* [Your task] Could you output only the lines from the one containing "Mint Palaka Hula" through the last line of the data, both included?

[Data entries]
----------

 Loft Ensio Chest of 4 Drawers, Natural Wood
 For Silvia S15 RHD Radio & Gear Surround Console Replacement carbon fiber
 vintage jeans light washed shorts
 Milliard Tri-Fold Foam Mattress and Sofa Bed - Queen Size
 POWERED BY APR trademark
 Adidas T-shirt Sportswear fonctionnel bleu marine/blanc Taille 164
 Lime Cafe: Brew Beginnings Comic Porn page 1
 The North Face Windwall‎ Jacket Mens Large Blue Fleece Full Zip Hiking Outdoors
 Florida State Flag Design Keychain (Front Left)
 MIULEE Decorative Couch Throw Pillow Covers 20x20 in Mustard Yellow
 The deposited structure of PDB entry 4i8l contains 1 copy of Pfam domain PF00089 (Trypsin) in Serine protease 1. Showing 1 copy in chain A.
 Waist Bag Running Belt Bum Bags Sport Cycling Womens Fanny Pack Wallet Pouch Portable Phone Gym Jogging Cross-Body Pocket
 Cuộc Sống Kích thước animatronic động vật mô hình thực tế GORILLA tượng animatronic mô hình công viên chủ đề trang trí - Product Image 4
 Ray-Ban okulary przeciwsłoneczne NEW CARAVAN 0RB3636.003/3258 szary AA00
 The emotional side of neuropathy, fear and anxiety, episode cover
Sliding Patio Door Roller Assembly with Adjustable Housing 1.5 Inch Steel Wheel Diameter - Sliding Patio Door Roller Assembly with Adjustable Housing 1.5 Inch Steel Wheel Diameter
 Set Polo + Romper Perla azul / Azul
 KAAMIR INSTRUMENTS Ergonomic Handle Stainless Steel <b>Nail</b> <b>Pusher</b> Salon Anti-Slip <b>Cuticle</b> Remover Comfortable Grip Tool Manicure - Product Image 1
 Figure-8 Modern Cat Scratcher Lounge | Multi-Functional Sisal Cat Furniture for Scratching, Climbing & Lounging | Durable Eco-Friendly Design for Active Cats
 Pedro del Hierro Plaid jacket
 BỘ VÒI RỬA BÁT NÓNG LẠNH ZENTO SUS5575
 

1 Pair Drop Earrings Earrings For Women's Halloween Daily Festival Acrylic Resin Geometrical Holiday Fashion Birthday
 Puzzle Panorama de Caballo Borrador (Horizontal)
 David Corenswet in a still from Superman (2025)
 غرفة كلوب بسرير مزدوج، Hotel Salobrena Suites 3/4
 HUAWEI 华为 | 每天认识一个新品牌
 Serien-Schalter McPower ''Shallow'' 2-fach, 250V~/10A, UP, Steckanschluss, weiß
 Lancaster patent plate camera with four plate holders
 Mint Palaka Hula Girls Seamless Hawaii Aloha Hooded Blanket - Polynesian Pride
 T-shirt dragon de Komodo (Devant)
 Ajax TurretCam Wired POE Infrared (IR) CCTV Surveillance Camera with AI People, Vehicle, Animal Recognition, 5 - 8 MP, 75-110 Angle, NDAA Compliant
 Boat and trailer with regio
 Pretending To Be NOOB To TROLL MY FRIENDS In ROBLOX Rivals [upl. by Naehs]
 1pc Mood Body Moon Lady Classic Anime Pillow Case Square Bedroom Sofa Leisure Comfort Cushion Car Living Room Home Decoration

----------

* [Your solution]
 Mint Palaka Hula Girls Seamless Hawaii Aloha Hooded Blanket - Polynesian Pride
 T-shirt dragon de Komodo (Devant)
 Ajax TurretCam Wired POE Infrared (IR) CCTV Surveillance Camera with AI People, Vehicle, Animal Recognition, 5 - 8 MP, 75-110 Angle, NDAA Compliant
 Boat and trailer with regio
 Pretending To Be NOOB To TROLL MY FRIENDS In ROBLOX Rivals [upl. by Naehs]
 1pc Mood Body Moon Lady Classic Anime Pillow Case Square Bedroom Sofa Leisure Comfort Cushion Car Living Room Home Decoration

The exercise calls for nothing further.